Something to consider.


----------



## bettinge (Feb 1, 2012)

Great Thread! I love that huge home made incubator. 

I had a 59% hatch rate this summer compared to a 78% last summer. I attributed the decline to the horible May 2011 in NY. It was wet and cold, and not optimal for tortoises outside.


----------



## bfmorris (Mar 7, 2012)

Tom said:


> I incubate at the same temps, so I think you are good there.




Just curious if you see split scutes at the 88-89 f temps you indicated you're incubating?

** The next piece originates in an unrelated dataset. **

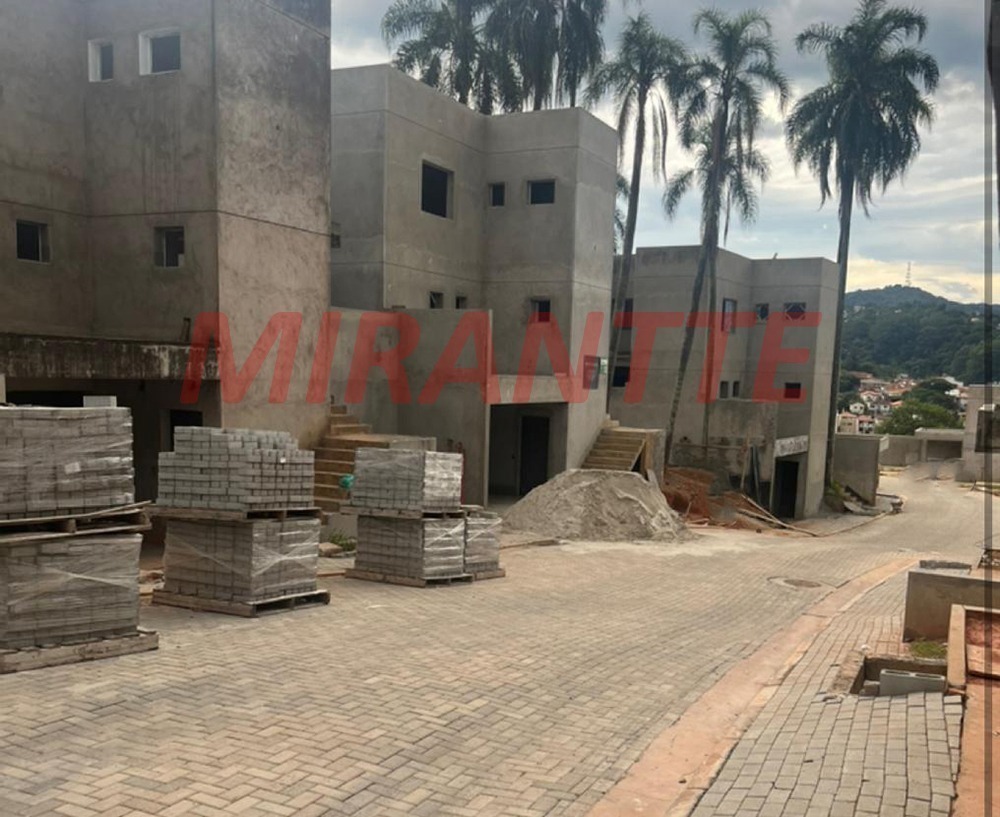 Cond. fechado de 305m² com 3 quartos em Tremembe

> One thing to consider is the time of year that the eggs are produced, fertilized and laid. I have lower fertility on clutches that are produced during hot weather. I have higher fertility on clutches that are produced during colder weather, during the winter months. My fertility rate varies a lot throughout the year. As low as 20-30 % for summer eggs, as high as 80-90% for winter eggs. I have only had two clutches with 100% fertility and both of those were laid toward the end of winter. I have heard similar stories form other keepers. My male sulcata breeds (or attempts to breed) nearly every day, btw.



Have you formulated any theory on the cold/hot weather fertility variations?
Would this report be on sulcata eggs? Are you saying your sulcata produce eggs in summer?


----------



## bfmorris (Mar 9, 2012)

:crickets chirping:


Is this an unpopular topic?


----------



## Tom (Mar 9, 2012)

bfmorris said:


> Tom said:
> 
> 
> > I incubate at the same temps, so I think you are good there.
> ...



I do not see any split scutes at those temps. Fife told me that typically you will not see split scutes until you start getting above 90. Remember that he funded and supplied eggs for a professional level lab study on this...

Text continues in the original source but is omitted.